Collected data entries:

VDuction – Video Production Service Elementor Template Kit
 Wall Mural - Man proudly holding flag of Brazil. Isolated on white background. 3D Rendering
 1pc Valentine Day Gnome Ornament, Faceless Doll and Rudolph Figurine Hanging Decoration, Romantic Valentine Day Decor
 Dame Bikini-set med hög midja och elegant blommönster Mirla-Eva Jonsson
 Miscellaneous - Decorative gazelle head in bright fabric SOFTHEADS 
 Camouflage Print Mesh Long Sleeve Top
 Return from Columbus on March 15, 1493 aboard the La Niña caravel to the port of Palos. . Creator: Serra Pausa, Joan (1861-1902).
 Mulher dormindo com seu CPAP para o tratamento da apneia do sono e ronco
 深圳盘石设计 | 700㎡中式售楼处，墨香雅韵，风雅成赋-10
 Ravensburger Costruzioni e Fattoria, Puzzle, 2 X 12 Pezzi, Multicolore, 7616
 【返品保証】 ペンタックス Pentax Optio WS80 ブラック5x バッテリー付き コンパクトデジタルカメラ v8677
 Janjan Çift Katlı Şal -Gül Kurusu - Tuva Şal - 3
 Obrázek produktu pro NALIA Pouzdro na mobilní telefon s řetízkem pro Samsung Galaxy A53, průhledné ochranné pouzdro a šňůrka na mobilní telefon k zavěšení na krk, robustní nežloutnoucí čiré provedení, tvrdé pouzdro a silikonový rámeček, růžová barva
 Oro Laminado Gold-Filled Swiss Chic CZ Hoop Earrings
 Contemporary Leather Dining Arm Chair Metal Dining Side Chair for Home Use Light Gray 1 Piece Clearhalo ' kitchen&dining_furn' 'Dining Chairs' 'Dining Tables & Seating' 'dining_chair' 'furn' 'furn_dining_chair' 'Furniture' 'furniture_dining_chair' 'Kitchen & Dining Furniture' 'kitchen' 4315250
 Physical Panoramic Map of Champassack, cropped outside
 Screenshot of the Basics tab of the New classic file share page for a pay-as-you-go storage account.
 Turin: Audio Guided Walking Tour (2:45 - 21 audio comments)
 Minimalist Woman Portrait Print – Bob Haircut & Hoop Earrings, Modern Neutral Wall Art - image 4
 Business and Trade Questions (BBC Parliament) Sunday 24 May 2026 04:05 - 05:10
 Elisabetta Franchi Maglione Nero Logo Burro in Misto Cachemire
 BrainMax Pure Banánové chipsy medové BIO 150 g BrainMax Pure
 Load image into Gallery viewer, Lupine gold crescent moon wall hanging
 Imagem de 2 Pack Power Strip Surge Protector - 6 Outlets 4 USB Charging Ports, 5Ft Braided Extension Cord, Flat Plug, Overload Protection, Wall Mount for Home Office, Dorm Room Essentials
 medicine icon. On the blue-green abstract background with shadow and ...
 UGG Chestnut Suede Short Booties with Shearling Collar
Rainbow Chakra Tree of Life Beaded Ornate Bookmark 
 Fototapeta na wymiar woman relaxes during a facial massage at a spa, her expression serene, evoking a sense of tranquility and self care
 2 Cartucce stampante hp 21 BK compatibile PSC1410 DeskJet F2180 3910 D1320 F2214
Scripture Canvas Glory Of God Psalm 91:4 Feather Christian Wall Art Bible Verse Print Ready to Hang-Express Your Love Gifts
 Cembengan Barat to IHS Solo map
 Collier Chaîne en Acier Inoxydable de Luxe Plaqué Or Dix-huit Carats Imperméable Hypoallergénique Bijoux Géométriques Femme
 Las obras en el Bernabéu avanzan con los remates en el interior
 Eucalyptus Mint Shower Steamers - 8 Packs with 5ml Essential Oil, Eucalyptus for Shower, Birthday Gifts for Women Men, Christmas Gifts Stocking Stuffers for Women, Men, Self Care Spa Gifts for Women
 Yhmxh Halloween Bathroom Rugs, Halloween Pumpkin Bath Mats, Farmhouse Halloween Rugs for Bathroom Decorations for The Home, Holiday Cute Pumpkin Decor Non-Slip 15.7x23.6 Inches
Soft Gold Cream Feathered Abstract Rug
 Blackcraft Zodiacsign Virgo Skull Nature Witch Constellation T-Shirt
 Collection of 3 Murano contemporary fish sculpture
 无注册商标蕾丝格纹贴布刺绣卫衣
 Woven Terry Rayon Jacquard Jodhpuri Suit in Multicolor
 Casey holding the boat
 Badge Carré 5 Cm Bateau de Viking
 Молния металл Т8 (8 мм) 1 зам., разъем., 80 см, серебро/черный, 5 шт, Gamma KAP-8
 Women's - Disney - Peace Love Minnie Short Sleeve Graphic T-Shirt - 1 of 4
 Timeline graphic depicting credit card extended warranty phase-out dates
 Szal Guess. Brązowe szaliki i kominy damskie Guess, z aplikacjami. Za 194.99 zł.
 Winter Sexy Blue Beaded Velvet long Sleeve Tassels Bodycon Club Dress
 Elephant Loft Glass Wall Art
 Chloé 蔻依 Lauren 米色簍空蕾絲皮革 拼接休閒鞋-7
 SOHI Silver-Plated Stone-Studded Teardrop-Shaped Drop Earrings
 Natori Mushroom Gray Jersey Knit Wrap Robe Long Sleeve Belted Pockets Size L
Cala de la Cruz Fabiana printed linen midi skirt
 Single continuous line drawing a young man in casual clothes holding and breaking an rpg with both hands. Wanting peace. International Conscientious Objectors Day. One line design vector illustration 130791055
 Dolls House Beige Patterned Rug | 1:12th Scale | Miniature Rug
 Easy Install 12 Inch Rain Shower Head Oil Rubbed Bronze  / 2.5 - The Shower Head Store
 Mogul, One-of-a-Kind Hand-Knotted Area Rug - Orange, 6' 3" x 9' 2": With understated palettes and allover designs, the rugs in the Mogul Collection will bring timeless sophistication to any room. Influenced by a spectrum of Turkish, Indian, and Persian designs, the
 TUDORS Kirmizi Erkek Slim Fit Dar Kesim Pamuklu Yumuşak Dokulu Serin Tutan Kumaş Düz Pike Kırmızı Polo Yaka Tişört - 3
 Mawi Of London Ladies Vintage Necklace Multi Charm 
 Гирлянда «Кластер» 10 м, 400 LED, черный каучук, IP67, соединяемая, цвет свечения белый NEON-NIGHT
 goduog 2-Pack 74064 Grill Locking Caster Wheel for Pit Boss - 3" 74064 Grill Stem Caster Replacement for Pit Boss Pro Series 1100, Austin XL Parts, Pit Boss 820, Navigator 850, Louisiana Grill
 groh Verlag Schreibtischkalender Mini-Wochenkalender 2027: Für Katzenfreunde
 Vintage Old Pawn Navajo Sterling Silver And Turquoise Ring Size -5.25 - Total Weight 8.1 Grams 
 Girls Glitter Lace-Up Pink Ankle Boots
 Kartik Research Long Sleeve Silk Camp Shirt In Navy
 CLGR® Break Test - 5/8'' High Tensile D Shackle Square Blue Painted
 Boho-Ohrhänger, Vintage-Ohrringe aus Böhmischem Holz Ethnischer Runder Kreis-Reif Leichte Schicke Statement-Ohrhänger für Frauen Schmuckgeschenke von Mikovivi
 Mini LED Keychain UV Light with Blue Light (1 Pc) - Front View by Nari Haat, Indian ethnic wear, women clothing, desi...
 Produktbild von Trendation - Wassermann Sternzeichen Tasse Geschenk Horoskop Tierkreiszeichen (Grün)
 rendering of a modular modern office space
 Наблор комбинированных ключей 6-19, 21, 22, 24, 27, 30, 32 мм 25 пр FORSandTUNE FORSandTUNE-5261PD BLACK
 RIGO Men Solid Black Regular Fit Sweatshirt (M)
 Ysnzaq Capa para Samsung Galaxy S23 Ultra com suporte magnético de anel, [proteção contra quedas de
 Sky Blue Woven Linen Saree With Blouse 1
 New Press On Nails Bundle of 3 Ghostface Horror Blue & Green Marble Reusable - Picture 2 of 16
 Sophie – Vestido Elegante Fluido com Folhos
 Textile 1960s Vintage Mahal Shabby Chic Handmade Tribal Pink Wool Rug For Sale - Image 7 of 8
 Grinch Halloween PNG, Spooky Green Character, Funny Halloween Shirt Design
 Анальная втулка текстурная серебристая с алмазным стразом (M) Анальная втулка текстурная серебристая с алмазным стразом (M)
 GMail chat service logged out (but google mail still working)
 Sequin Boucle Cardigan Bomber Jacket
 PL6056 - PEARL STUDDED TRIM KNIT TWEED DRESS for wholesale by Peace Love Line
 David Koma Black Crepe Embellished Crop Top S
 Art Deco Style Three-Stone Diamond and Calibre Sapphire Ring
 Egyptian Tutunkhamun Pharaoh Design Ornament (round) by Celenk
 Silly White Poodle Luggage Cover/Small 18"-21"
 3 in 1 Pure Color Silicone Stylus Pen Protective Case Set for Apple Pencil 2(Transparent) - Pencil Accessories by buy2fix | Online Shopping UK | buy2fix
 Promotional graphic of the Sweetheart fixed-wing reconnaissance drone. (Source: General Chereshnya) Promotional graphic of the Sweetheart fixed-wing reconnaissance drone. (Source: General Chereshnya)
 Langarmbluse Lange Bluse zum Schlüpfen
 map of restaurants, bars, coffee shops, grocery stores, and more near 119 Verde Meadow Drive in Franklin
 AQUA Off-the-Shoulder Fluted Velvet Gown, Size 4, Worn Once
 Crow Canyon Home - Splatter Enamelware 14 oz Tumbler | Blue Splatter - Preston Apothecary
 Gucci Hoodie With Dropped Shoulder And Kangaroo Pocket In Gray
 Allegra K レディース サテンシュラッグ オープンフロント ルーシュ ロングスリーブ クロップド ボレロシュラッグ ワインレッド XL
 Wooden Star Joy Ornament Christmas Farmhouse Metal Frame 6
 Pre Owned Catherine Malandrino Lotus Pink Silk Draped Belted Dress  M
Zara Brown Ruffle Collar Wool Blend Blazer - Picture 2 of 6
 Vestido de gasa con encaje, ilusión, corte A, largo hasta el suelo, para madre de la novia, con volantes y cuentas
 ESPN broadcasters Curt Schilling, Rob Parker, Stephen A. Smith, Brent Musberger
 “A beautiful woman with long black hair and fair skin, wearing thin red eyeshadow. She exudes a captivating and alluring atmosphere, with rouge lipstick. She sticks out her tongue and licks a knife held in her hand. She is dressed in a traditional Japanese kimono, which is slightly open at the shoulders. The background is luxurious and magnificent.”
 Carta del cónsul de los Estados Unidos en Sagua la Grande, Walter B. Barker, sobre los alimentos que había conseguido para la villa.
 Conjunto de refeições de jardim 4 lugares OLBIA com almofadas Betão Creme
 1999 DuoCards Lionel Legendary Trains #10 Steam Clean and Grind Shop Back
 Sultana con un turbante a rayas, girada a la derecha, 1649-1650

Task item:
Above are the entries. Quote exactly the lines from the one bearing "Obrázek produktu pro" through the one bearing "Elisabetta Franchi Maglione".

Problem solution:
 Obrázek produktu pro NALIA Pouzdro na mobilní telefon s řetízkem pro Samsung Galaxy A53, průhledné ochranné pouzdro a šňůrka na mobilní telefon k zavěšení na krk, robustní nežloutnoucí čiré provedení, tvrdé pouzdro a silikonový rámeček, růžová barva
 Oro Laminado Gold-Filled Swiss Chic CZ Hoop Earrings
 Contemporary Leather Dining Arm Chair Metal Dining Side Chair for Home Use Light Gray 1 Piece Clearhalo ' kitchen&dining_furn' 'Dining Chairs' 'Dining Tables & Seating' 'dining_chair' 'furn' 'furn_dining_chair' 'Furniture' 'furniture_dining_chair' 'Kitchen & Dining Furniture' 'kitchen' 4315250
 Physical Panoramic Map of Champassack, cropped outside
 Screenshot of the Basics tab of the New classic file share page for a pay-as-you-go storage account.
 Turin: Audio Guided Walking Tour (2:45 - 21 audio comments)
 Minimalist Woman Portrait Print – Bob Haircut & Hoop Earrings, Modern Neutral Wall Art - image 4
 Business and Trade Questions (BBC Parliament) Sunday 24 May 2026 04:05 - 05:10
 Elisabetta Franchi Maglione Nero Logo Burro in Misto Cachemire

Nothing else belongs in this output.